India is the world’s largest importer of palm oil, buying over 9 million tonnes annually, or nearly two-thirds of its total edible oil imports. Most of the palm oil supply is imported from producing countries such Indonesia, Malaysia, Colombia and Thailand. In 2020, the import value of palm oil reached USD 5.12 billion.
To counter India’s reliance on other palm oil producing countries and to address the issue of non-employment among the vast Indian population, the Indian government launched the National Mission on Edible Oils – Oil Palm (NMEO-OP) in August 2021. This new palm oil initiative aims to boost India’s self-sufficiency in edible oils and help increase farm incomes.

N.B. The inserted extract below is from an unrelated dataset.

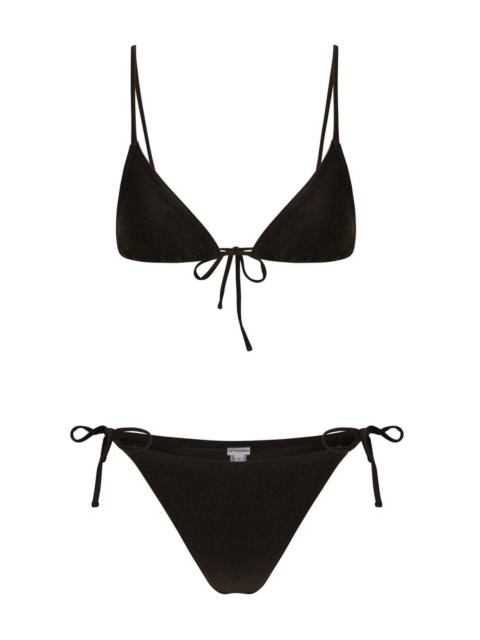 BLACK TIE BIKINI BOTTOM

Incentivising palm oil production will not only reduce the country’s dependence on imports but also help farmers benefit financially from the growth and expansion of the market. Increasing the domestic production of palm oil is exciting ground for businesses and other stakeholders, presenting an important opportunity to position India as a key country for the sustainable production of palm oil.
Championing sustainability in India
With the Indian government's announcement of more than 1.4 billion USD to promote oil palm cultivation in the country under the NMEO-OP, the area under oil palm cultivation is projected to increase by more than three folds to a million hectares, and the production of crude palm oil to 1.125 million tonnes by 2025-26. Under the new scheme, oil palm is offered as an alternative to low yield crops such as sugarcane and paddy, with expansion focused on areas where it can be a rain-fed crop.
“Since 2018, we have been working with our members like WWF-India and specifically the ones buying Fresh Fruit Bunches from oil palm farmers in Andhra Pradesh, like Godrej and Navabharat, to build more capacity for the production of certified sustainable palm oil,” said Kamal Prakash, RSPO Global Deputy Director, Market Transformation and Country Head – India. “Our focus is to create the enabling environment, capacity, market access and networks in India to make sure that wherever palm oil is produced, it is done sustainably.”
In 2018, the ‘Sustainable Palm Oil Coalition for India’ (I-SPOC) was formed by RSPO, Centre for Responsible Business (CRB), Rainforest Alliance, and WWF-India. Today over 150 RSPO members operate in India and 72 of them are Indian companies with more than 100 RSPO supply chain certified facilities or licenses.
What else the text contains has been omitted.